To truly understand a near death experience (NDE), consider the following perceptions: movement through space, light and darkness, intense emotion, sensing a presence, a strong conviction of having a new understanding of the nature of the universe. These are broad characteristics, or common features, found among NDE reports according to the International Association for Near Death Studies (IANDS). The IANDS website states,
“An NDE typically includes a sense of moving, often at great speed and usually through a dark space, into a fantastic landscape and encountering beings that may be perceived as sacred figures, deceased family members or friends, or unknown entities. A pinpoint of indescribable light may grow to surround the person in brilliant but not painful radiance; unlike physical light, it is not merely visual but is sensed as being an all-loving presence that many people define as the Supreme Being of their religious faith.”

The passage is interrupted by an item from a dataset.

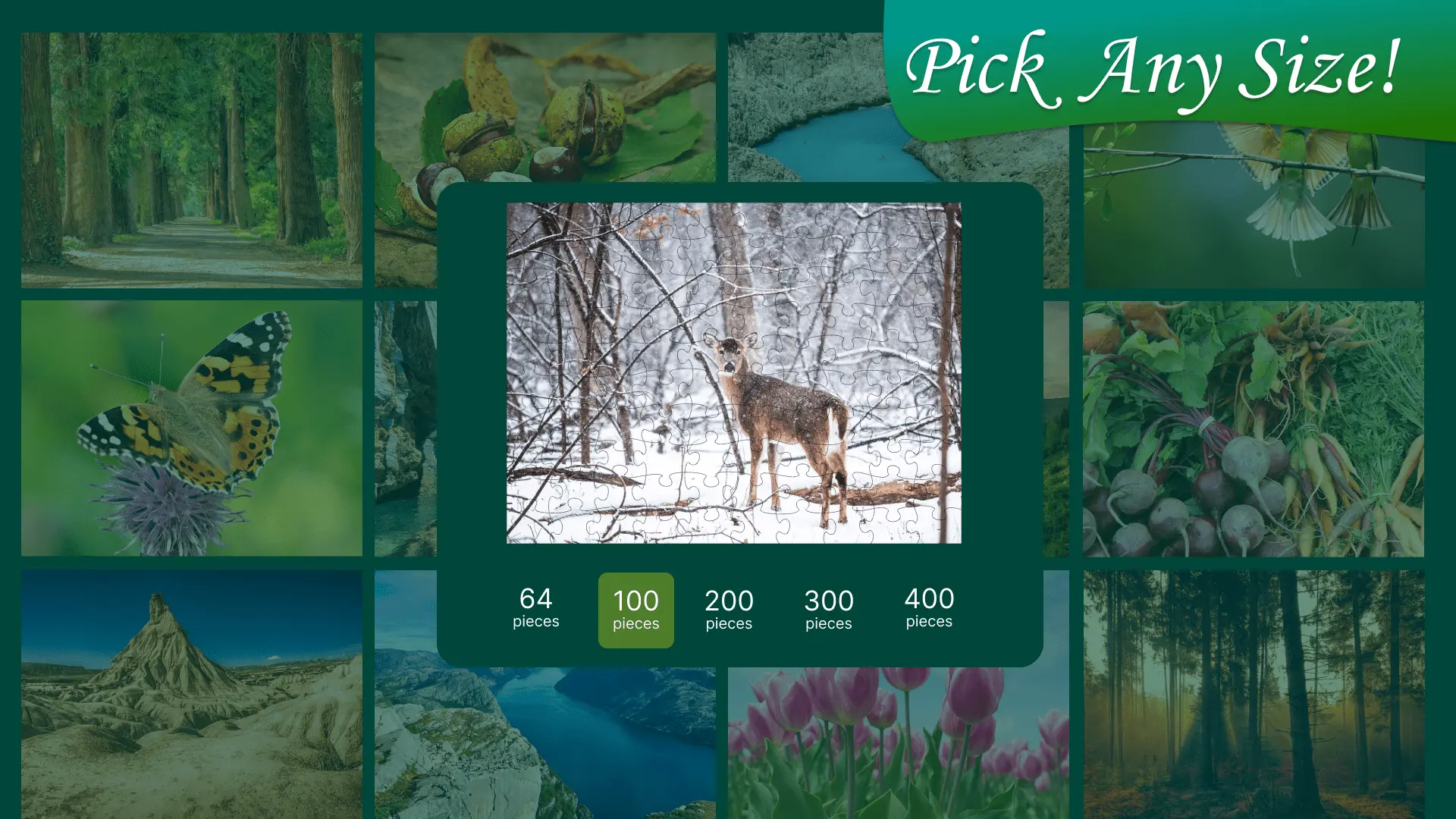 Jigsaw Puzzle Nature: screenshot of the number of pieces in the puzzle picker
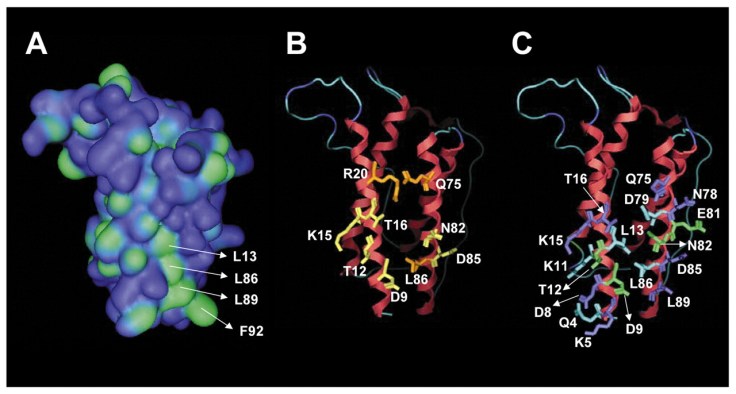 Molecular models of binding site II in mouse leptin. (A) Molecular surface map of leptin, coloured according to surface hydrophobicity (blue, hydrophilic; green, hydrophobic). A hydrophobic cleft is formed by residues L13, L86, L89 and F92. (B) Residues in binding site II that affect binding to CRH2 are coloured yellow. Residues in binding site II that affect both binding to CRH2 and LR activation are coloured orange. (C) Residues that become buried in the leptin/CRH2 interface, coloured according to the area that becomes buried (cyan, 50 Å2).  Iserentant H et al. J Cell Sci 2005;118:2519-2527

Such profound psychological events contradict Western assumptions about the nature of reality, therefore we don’t often hear about things like this in daily conversation. When I am open and curious about near death and/or pre-birth experiences, I have found that people talk – sometimes even complete strangers have shared a profound experience with me. About three months ago, I was riding in a taxi making small talk with the driver. When he asked about my work and I told him of my background in psychology, he asked questions surrounding the mind-brain problem, also known as the hard problem of consciousness. Our lively dialogue continued and we seemed to build rapport quickly. After some minutes past, he spoke about two NDEs he had within the same week, both took place in a hospital bed. Both times, he floated above his body, saw his physical body below him (an out-of-body state which can be a precursor to an NDE) and heard the conversations in the surrounding areas. He told me that he had never, up until that time, experienced such a profound sense of peace. During the experience, he recognized that he did not want to return to his physical body, despite the medical staff’s efforts. When he finally did return to his body, he continued to experience that sense of great peace, and no longer had a fear of death. Since NDEs often have life-altering effects, I asked him about any noticeable changes in attitude or other aftereffects. I learned that he considered the top-ranking effects to be his ability to now live life with much less resistance or attachment to outcome, and that when his time to die approached, he would not fear it, but instead, embrace it because he knew he would be going somewhere serene and peaceful.
While NDEs appear to share many commonalities, they are never exactly the same. On rare occasions, some NDEs have been described as disturbing. From 1% to 15% of NDE reports may be considered distressing: a relatively small percentage. For more on this topic contact the International Association for Near Death Studies at iands.org. Their website contains a page specifically dedicated to distressing NDEs if you would like to understand more. In addition, the IANDS website contains dozens of NDE accounts from individuals so one can take in this truly diversified experience that has changed the lives of so many. Through those courageous enough to describe their experience and share it with the world, we all have the opportunity to learn about what may be waiting for us on the other side, through the veil.